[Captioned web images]
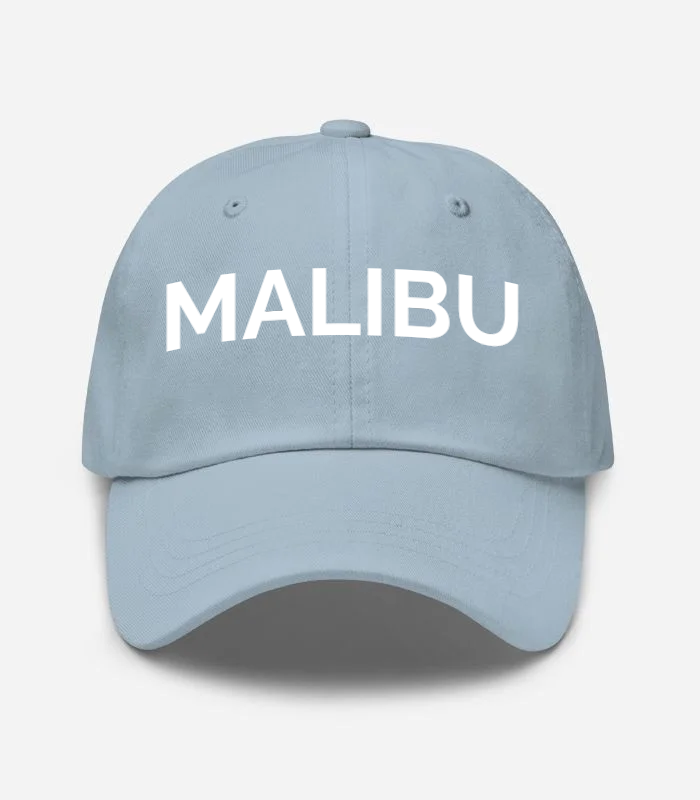 MALIBU Hat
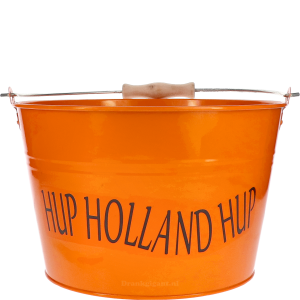 Hup Holland Hup Emmer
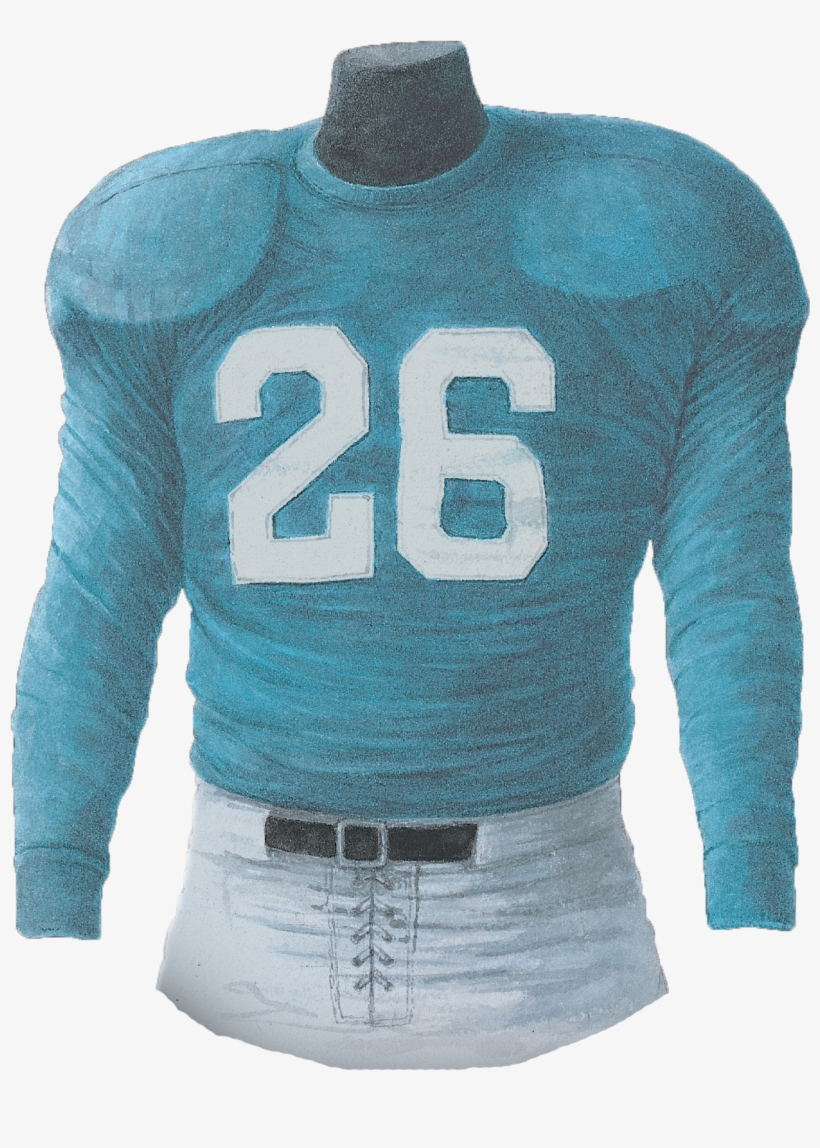 The Lions Introduced A New Black Alternate Jersey Featuring - Long-sleeved T-shirt, transparent png #8131879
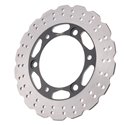 MTX Brake Disc Rear (Solid) | Kawasaki Ninja 250/300(geen ABS)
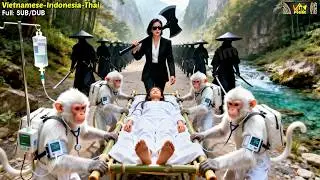 Nữ Chủ Tịch Bị Nhà Chồng Đẩy Xuống Núi Cướp Tài Sản, Ai Ngờ Cô Hóa Thành Trùm Mafia Quay Về Báo Thù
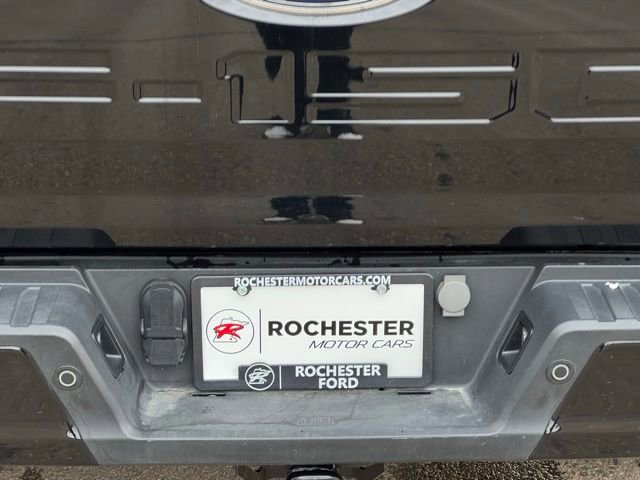 Certified 2023 Ford F150 XLT w/ Equipment Group 302A High image 44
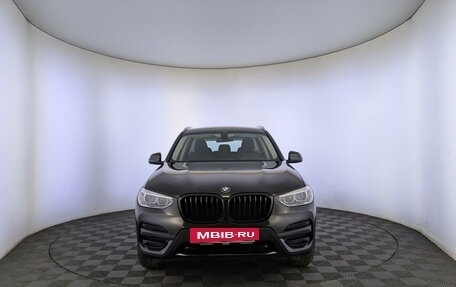 BMW X3, 2020 год, 4 250 000 рублей, 2 фотография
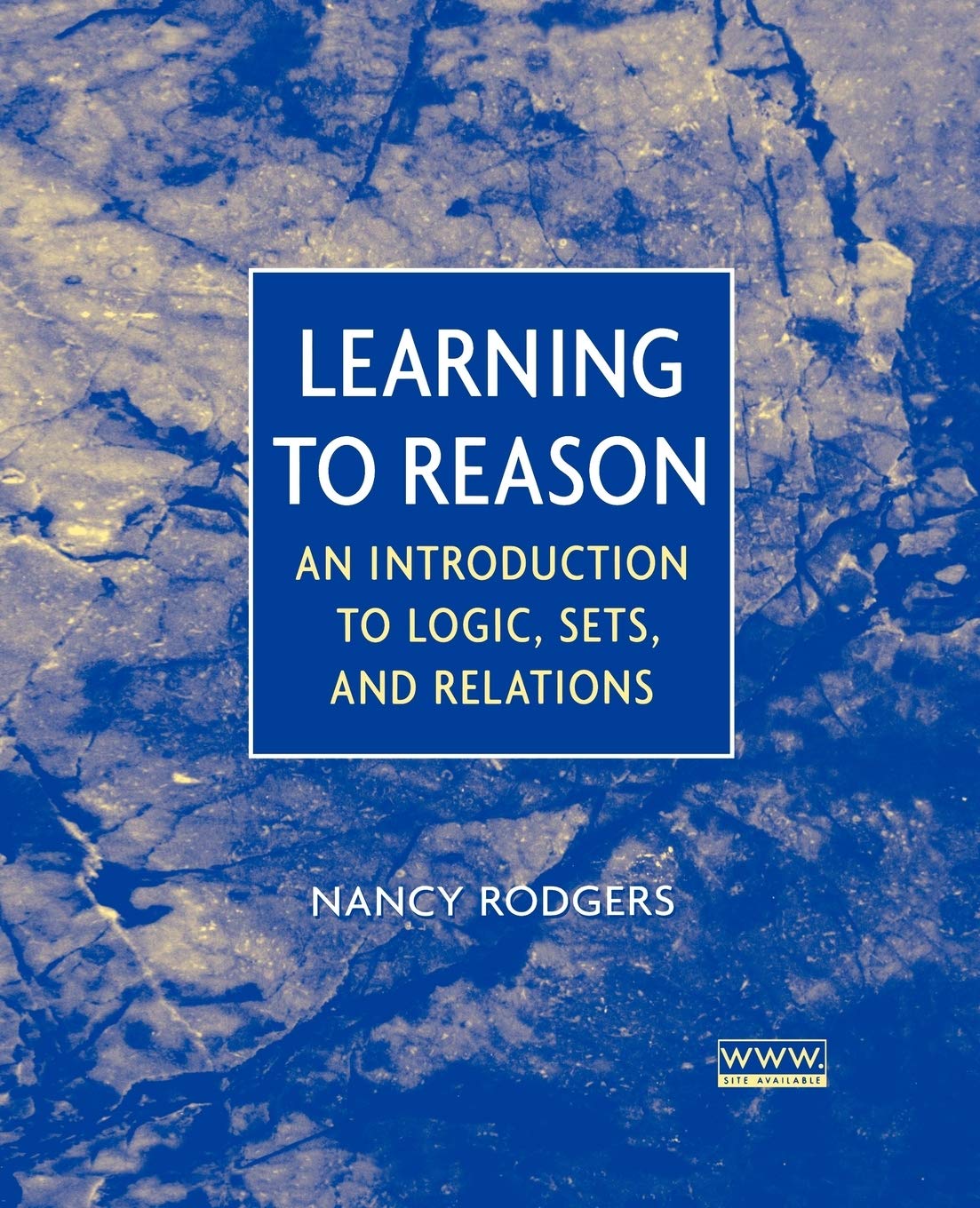 Learning to Reason image 0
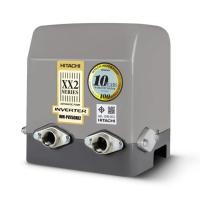 ราคา HITACHI ปั๊มน้ำอัตโนมัติ รุ่น WM-PV750XX2 กำลัง 750 วัตต์ ระบบอินเวอร์เตอร์ ปั้มน้ำ ปั๊มน้ำอินเวอเตอร์ ปั๊มน้ำ (48952527690)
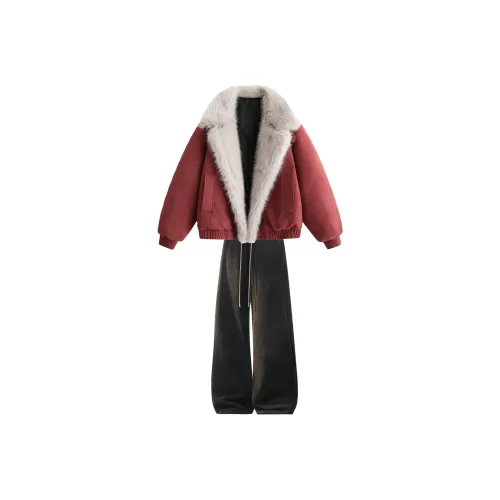 ROSECREED Повседневная спортивная одежда унисекс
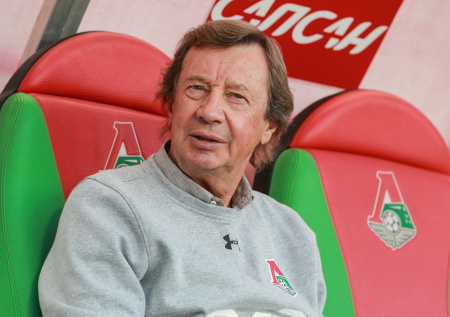 «Кто вспомнит про третье место?»: Семин оценил сезон «Локомотива»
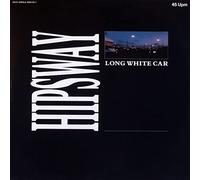 Hipsway - Long White Car - Mercury - 888 010-1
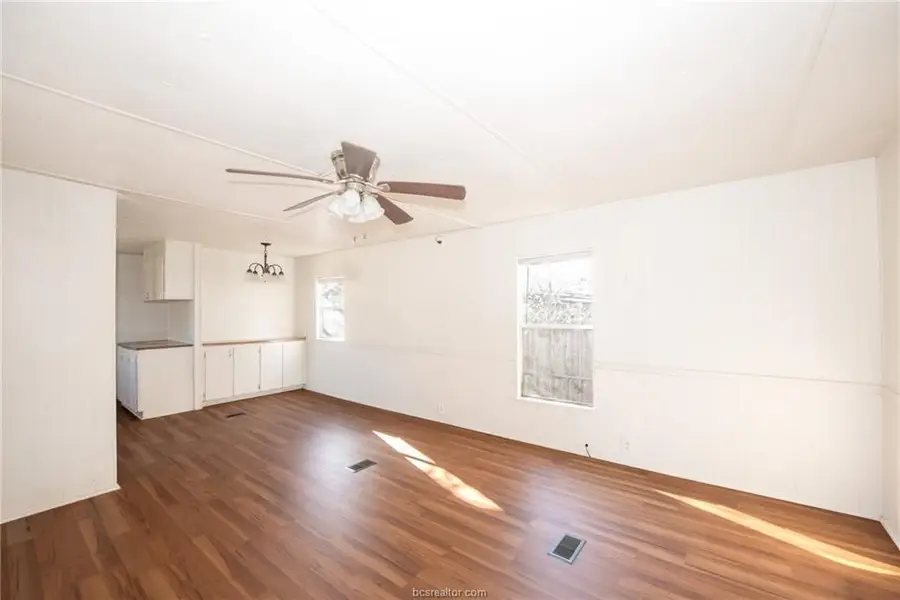 806 N Oneal Street, Caldwell, TX 77836 - #3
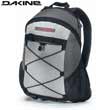 Wonder Backpack - Char/Blk
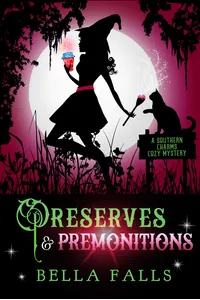 Preserves & Premonitions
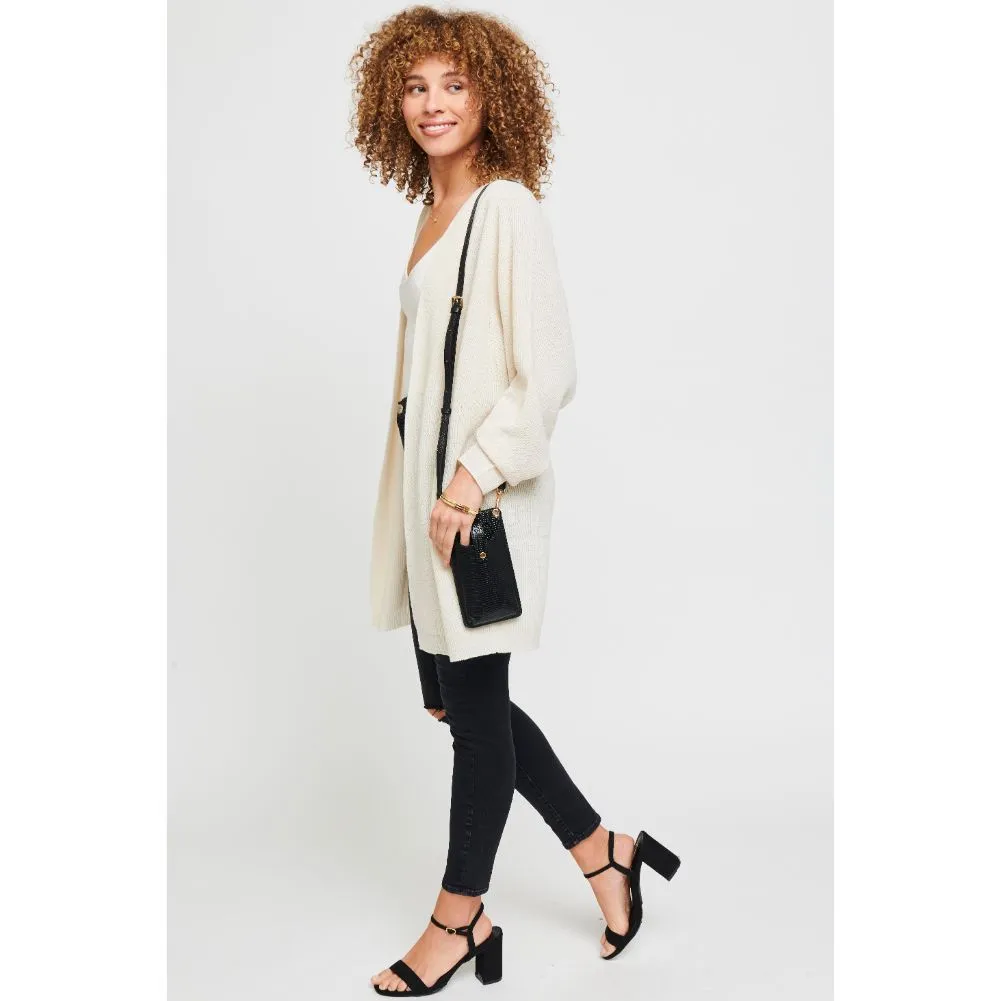 Claire Cell Phone Crossbody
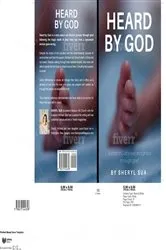 Book cover of Heard By God by Unknown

EXERCISE OBJECTIVE>
The copy should hold exactly the lines above from the one with "BMW X3, 2020" through the one with "ROSECREED Повседневная спортивная", both ends counted, and no pictures at all.

YOUR SOLUTION>
 BMW X3, 2020 год, 4 250 000 рублей, 2 фотография
 Learning to Reason image 0
 ราคา HITACHI ปั๊มน้ำอัตโนมัติ รุ่น WM-PV750XX2 กำลัง 750 วัตต์ ระบบอินเวอร์เตอร์ ปั้มน้ำ ปั๊มน้ำอินเวอเตอร์ ปั๊มน้ำ (48952527690)
 ROSECREED Повседневная спортивная одежда унисекс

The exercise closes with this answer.